The Minnesota Pollution Control Agency recently proposed adopting clean car standards, a set of rules meant to reduce emissions from personal vehicles. This is critical, since transportation is responsible for more air pollution than any other sector. These pollutants include greenhouse gases like carbon dioxide that increase the intensity and frequency of extreme weather events like floods, droughts, and heat waves, as well as toxins and soot which contribute to health problems and diseases like asthma and COPD. These pollutants heavily impact people living close to roadways, poor people, and people of color.

So where is the opposition? Most of it seems to be based on misinformation; some have distorted views on what would change if clean car standards were adopted.

First, it would only regulate automakers, directing them to deliver more low- and zero-emissions vehicles to Minnesota.

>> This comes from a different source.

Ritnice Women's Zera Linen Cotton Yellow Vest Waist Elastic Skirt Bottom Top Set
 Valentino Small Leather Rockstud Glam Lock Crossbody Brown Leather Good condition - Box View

It wouldn’t force consumers to give up or modify their current vehicles. Nor would it force dealerships to sell or stock any vehicles they don’t want to. Anyone considering buying a car, new or used, would still have the same choices, plus some new electric and hybrid options to boot! A recent survey by Consumer Reports and the Union of Concerned Scientists of prospective car buyers in Minnesota found that roughly 60% are interested in electric vehicles, including 30% who would consider buying or leasing one within the next two years. Clearly, manufacturers aren’t meeting existing demand for them, which is exactly what adopting clean cars standards would address.

The adoption of clean car standards isn’t the radical government overreach opponents claim it to be. In fact, the rules are reasonable and modest, a small but crucial step toward a cleaner, healthier and more sustainable future. I encourage all Minnesotans to support the MPCA in making it happen.